*What needs to be done*: Scan the records beneath this line for the line holding "Calm Box Doodle Set." and the line holding "Kit Caixa Termica", then transcribe exactly those two and all lines between.

*Input*:
━━━

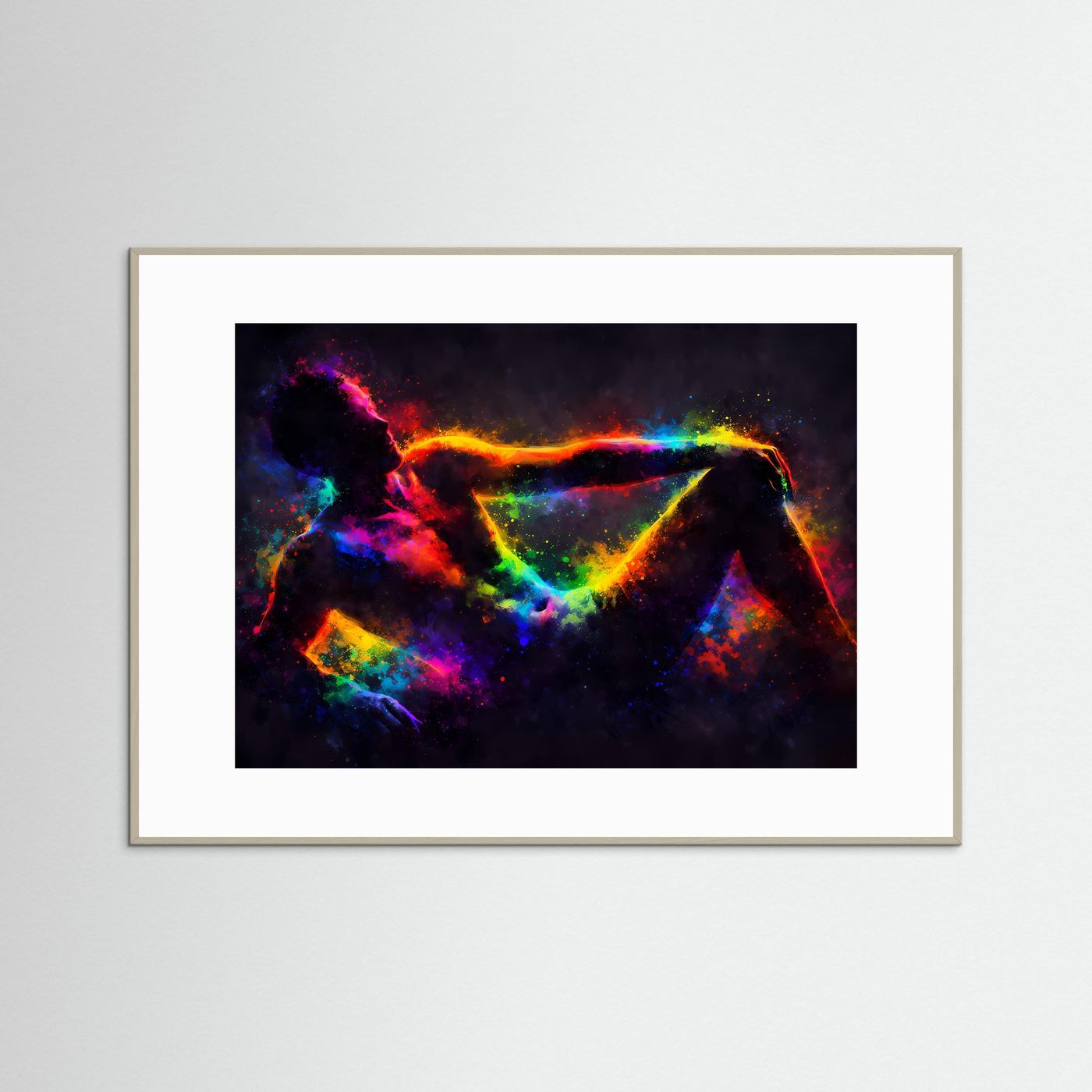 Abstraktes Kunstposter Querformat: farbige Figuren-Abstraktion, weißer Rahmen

━━━

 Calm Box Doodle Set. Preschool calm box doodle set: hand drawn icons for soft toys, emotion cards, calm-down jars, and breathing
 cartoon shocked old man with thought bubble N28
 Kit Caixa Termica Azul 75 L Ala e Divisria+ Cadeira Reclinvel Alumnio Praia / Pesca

━━━

*Exercise output*:
 Calm Box Doodle Set. Preschool calm box doodle set: hand drawn icons for soft toys, emotion cards, calm-down jars, and breathing
 cartoon shocked old man with thought bubble N28
 Kit Caixa Termica Azul 75 L Ala e Divisria+ Cadeira Reclinvel Alumnio Praia / Pesca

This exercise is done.